OPINION

European supervision

European supervision

Many things will be decided in 2018, not just for us here in Greece, but for the rest of Europe as well. It will be a benchmark year. Berlin has decided that after the German elections this month, it will yield to French demands for a European version of the International Monetary Fund.

This may come as music to the ears of those who wanted the IMF to get out of our lives and out of Europe, but they should consider what this actually means before they start celebrating.

Germany has set strict terms for the creation of a European monetary fund. Emmanuel Macron has been asked to create a “German” France. We are already seeing this, as the new French president is proceeding with ambitious labor reforms that will change the way things have been done for decades in a country where such things could never be changed.

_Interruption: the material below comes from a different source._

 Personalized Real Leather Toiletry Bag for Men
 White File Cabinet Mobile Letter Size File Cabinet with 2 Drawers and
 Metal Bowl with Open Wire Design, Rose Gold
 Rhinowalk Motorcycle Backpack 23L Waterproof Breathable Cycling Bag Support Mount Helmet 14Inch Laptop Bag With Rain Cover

Greece will be the guinea pig on which the new European surveillance mechanisms will be tested. The European inspectors will be especially strict, more so than Poul Thomsen. They’ll have to convince Berlin and the markets that they’re not the stereotypical European organization that just pushes around countries that are undergoing adjustment programs. Europeans will be demanding on issues of structural reforms. They will not tolerate the derailment or undoing of any part of an ongoing program.

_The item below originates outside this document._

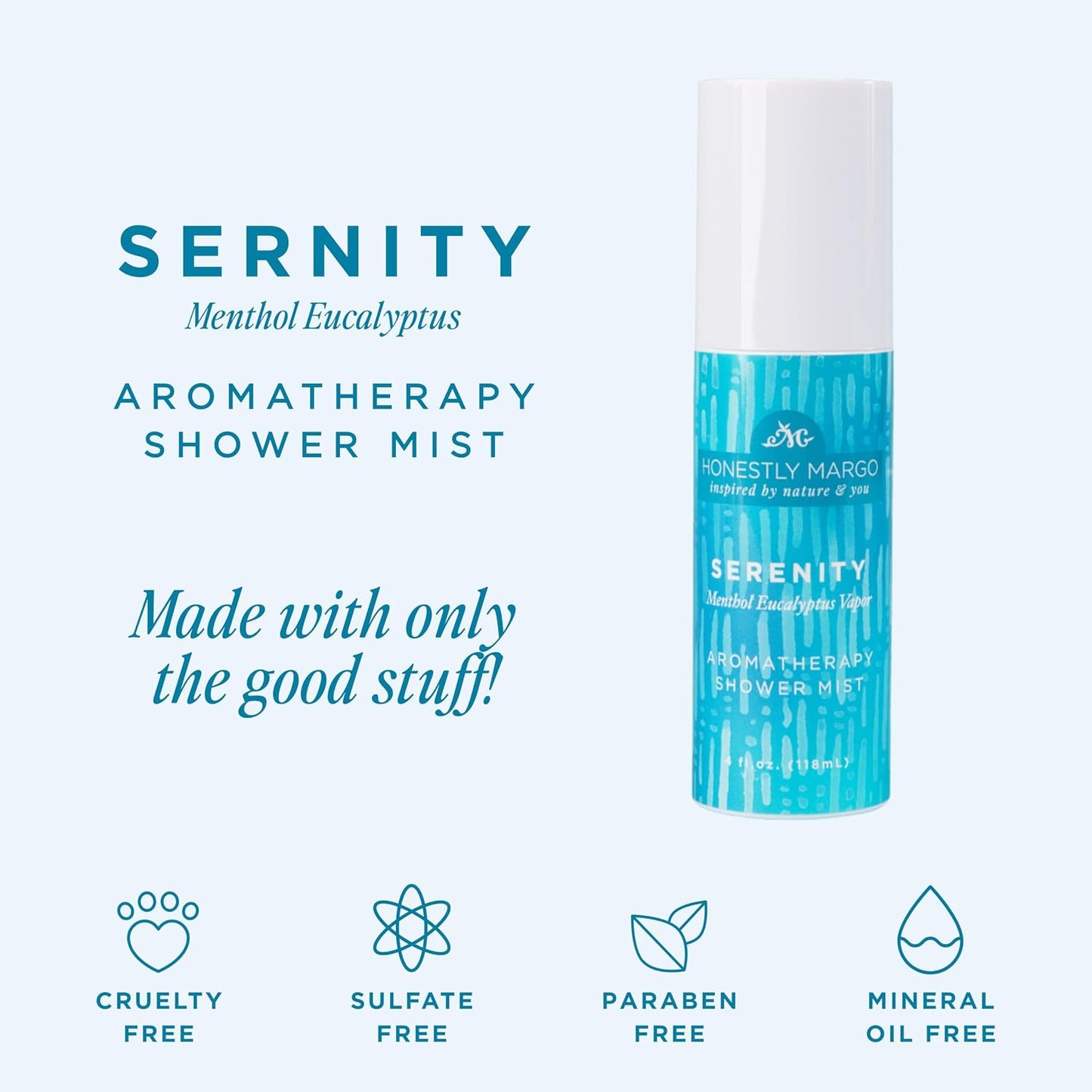 Honestly Margo Aromatherapy Shower Mist Spray Eucalyptus (4 Fl Oz, Pack of 1) – Wellness Spray with Essential Oils for Shower Steam, Personal Space Mist – Cruelty-Free Body Care & Bath Products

In Athens, the government is eager to celebrate the final exit from the memorandum next August. It’s in for a rude awakening. Sure, we’ll exit the memorandum, but will we be able to handle another equally suffocating control framework? Supervision won’t simply stop next August, because by then, the new supervision of all European countries, especially ours, through an EMF will have begun.

Whoever is dreaming of a goodbye party after which agreed measures will be overturned is indeed in a very deep sleep. It’s hard to see how we’ll get a free pass if we go back to our old ways.

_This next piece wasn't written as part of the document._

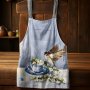 Bird In Floral Tea Set By Juanette Menderoi Medium Length Apron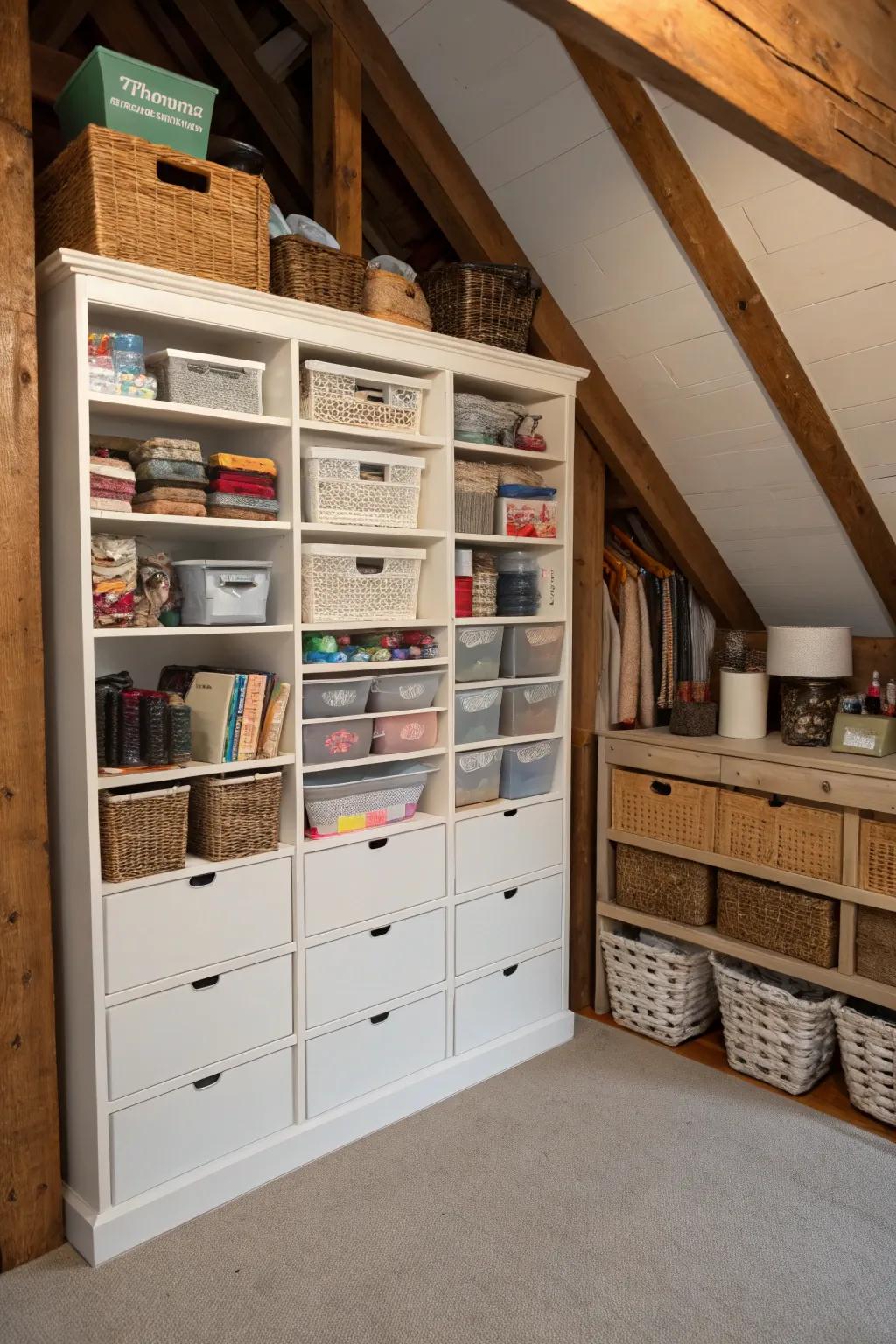 Creative storage solutions keep a closet organized and accessible.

It would be a destructive error for Prime Minister Alexis Tsipras to start celebrating Greece’s exit from memorandums now. Next year Greece will have to show that it is capable of combining fiscal self-discipline with major reforms. Always hard to please, the markets will be waiting to see if the new European supervisors or anyone else is thinking of investing in Greece.

I fear some of us have not yet understood this and are rushing to celebrate prematurely. At some point, the prime minister will understand this new reality. He will have to show whether he can survive in it or if it will seem in insurmountable challenge, in which case, if Greece’s recent habits are anything to go by, he’ll back down and let the next lot have a go and trip themselves up.